The Point Lisas Industrial Estate was started, water and electricity was expanded, there were significant wage increases, people moved out of agriculture, and whatever agriculture remained, such as Caroni 1975 Ltd, was heavily subsidised.
In short, money flowed like water in this country, and a lot of it was neither used efficiently nor invested wisely.
As happens with all commodities, particularly oil and gas, there is the boom and bust cycles, and to be honest since the TSP discoveries, the country has never had the same exploration success in crude oil.
What happened is that Amoco drilled looking for oil and instead found large amounts of natural gas.
Natural gas is different to oil in terms of its development. With oil, because it operates in a global market in which the price of the commodity is known by everyone and has less arbitrage, it is possible to simply produce the oil and put it on a ship, selling it on the international market as it heads to a refinery.
With natural gas, initially, you had first to develop a project. This project required the identification of an end user. So for Amoco, which would then become bpTT, the strategy had to be if they are going to produce the gas, explore for the gas, and bring it to market, it must mean that they can sell it.
Some may go to petrochemicals, but a lot it was determined could be sold on a long-term contract as LNG.
At the time, there was a captive market for LNG in the US and other parts of Europe. Technology and large quantities of relatively cheap natural gas significantly contributed to what would be a project of projects.
That is what Train 1 was to this country. Make no bones about it!
As a specialised energy journalist, I covered the Atlantic LNG Train 1 story up close. I was invited to tour the plant during its construction and was at the official opening.
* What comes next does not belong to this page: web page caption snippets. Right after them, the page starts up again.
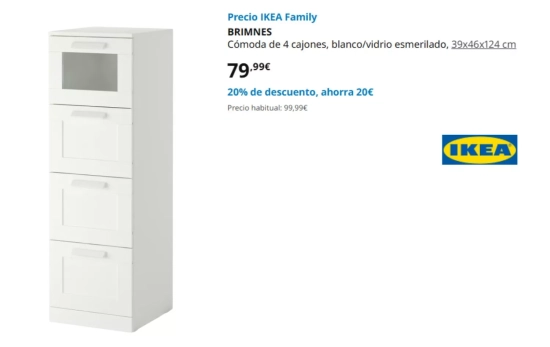 Cómoda de 4 cajones BRIMNES/ IKEA Cómoda de 4 cajones BRIMNES/ IKEA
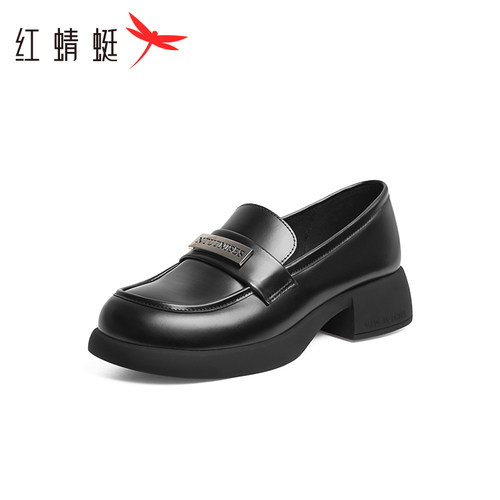红蜻蜓春秋款女士英伦风乐福鞋系带粗跟小皮鞋通勤柔软牛皮女单鞋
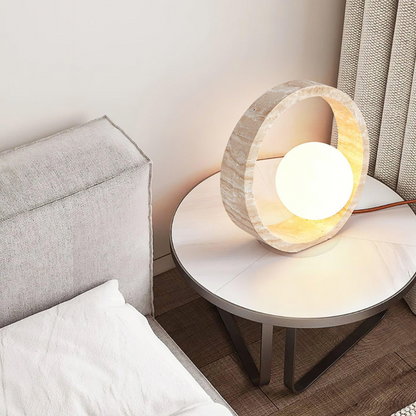 Q Circle Tafellamp 25 cm Natuurlijke Travertijn Elegantie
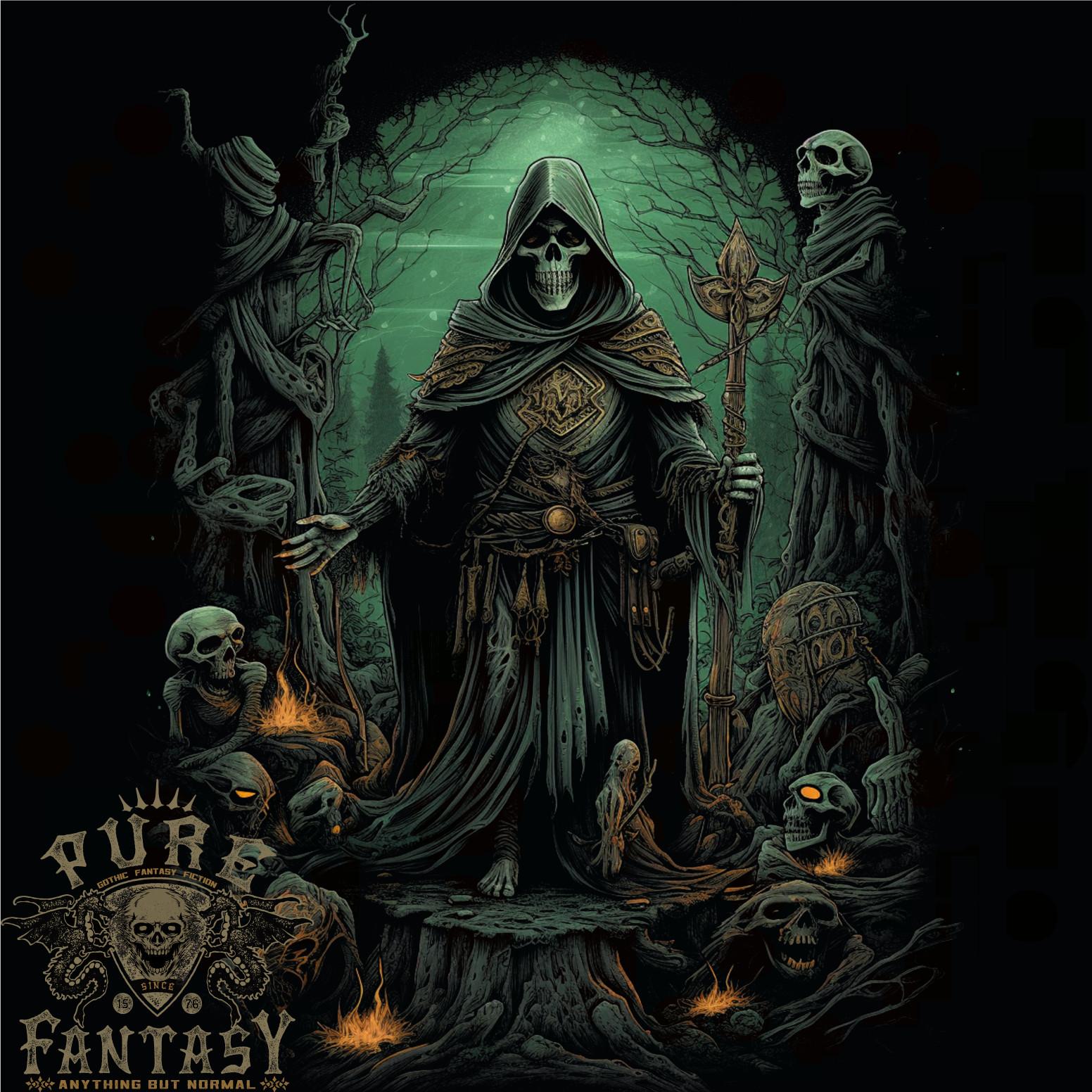 26 Grim Reaper Surrounded by Skulls Mens T-Shirt 100% Cotton Unisex T-Shirt XXL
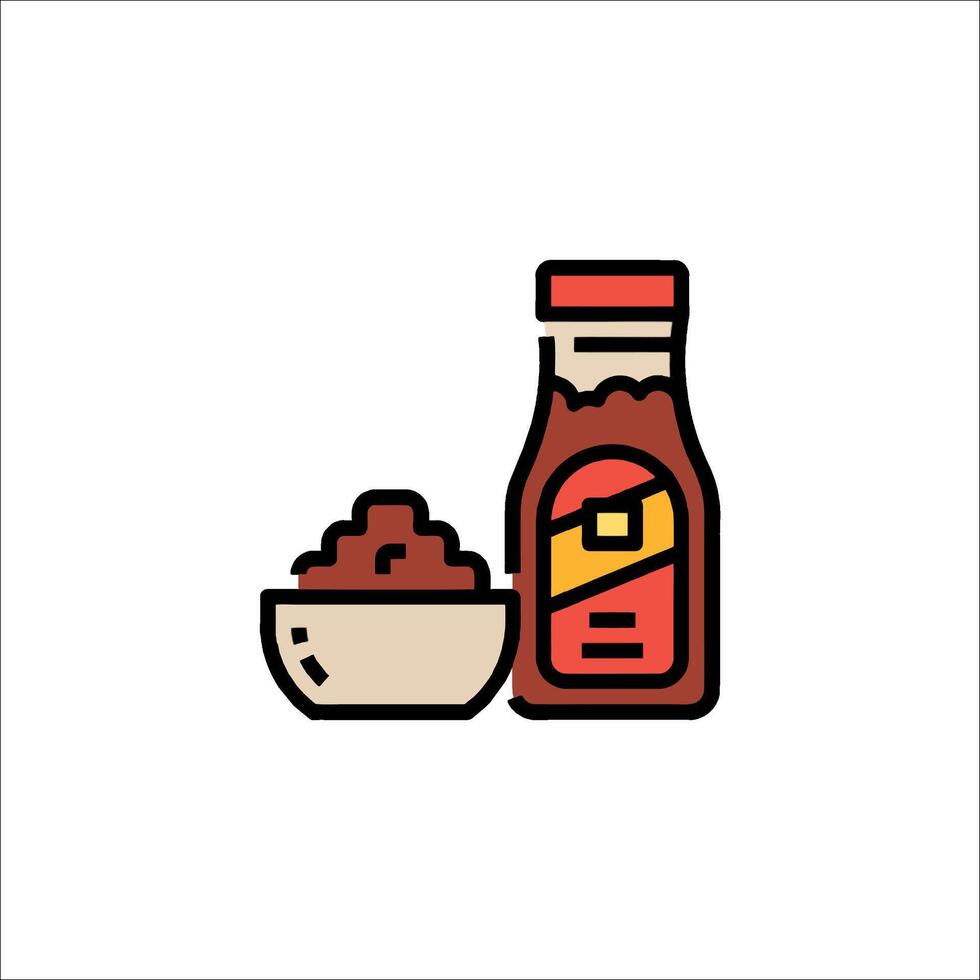 Ketchup and mustard icon illustration vector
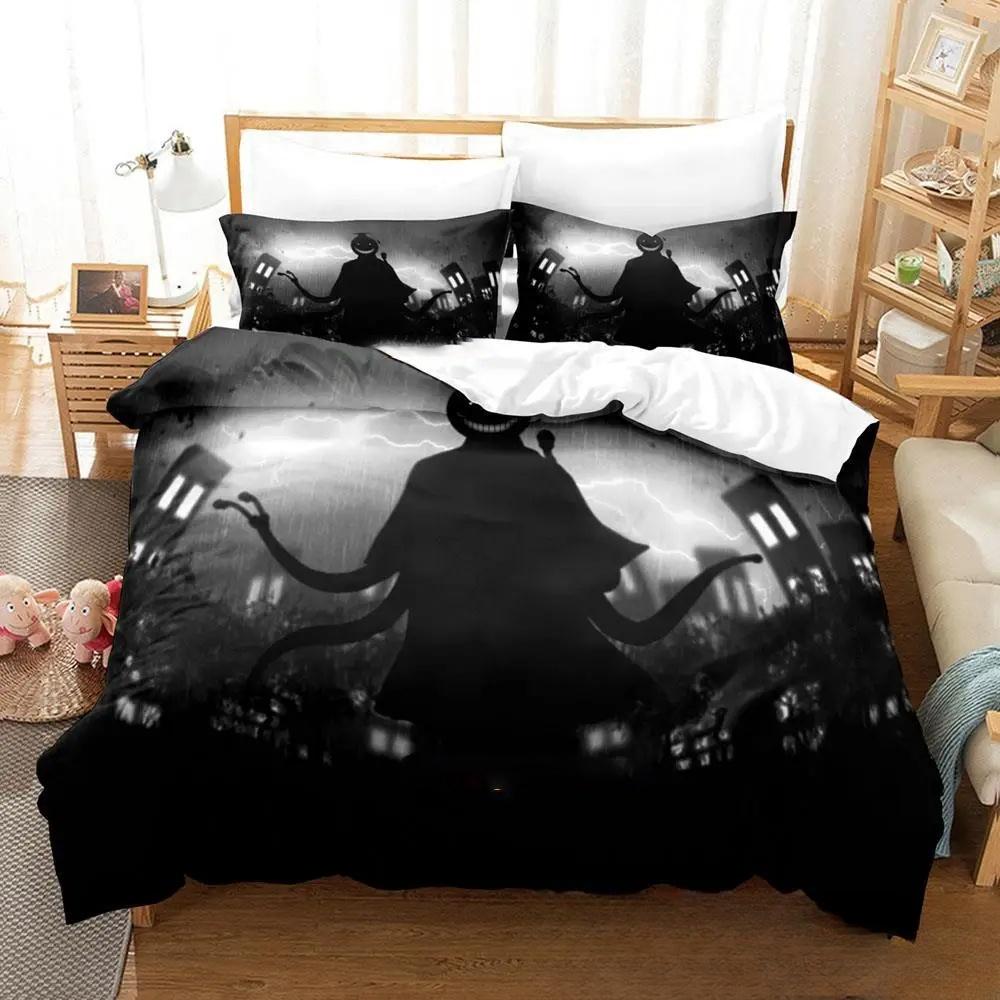 3D Cartoon Assassination Classroom Koro-sensei Bedding Set Boys Girls Twin Queen King Size Duvet Cover Pillowcase Bed Boys Adult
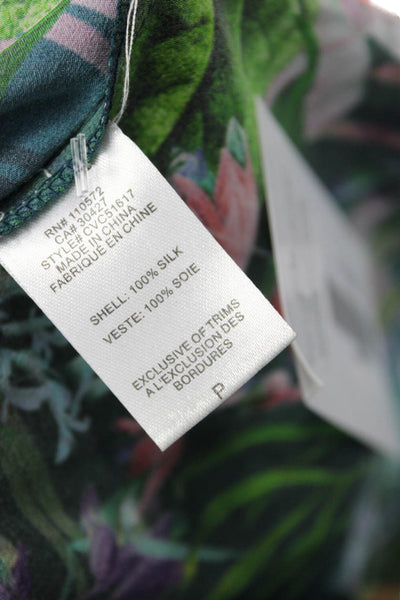 Twelfth Street by Cynthia Vincent Womens Green Silk Tank Size XS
Atlantic made major changes to things we take for granted, like the level of construction safety on large projects, drug testing, and requirements for harnesses, hard hats and boots.
It saw a consortium of gas producers, LNG ship owners, those who owned the regasification facilities, shareholders in power generation, and of course, the traders coming together.
Through the National Gas Company, the government took a share in Train 1 because it wanted to have skin in the game, and Atlantic Train 1 was set up as a tolling facility, so it was paid a fee to process the gas and turn it into liquid for export. It was an arrangement in which the return would mean that NGC was unlikely to lose its money, but with limited gas production, without ships, without trading, without regas, without power generation investments, its reach was limited.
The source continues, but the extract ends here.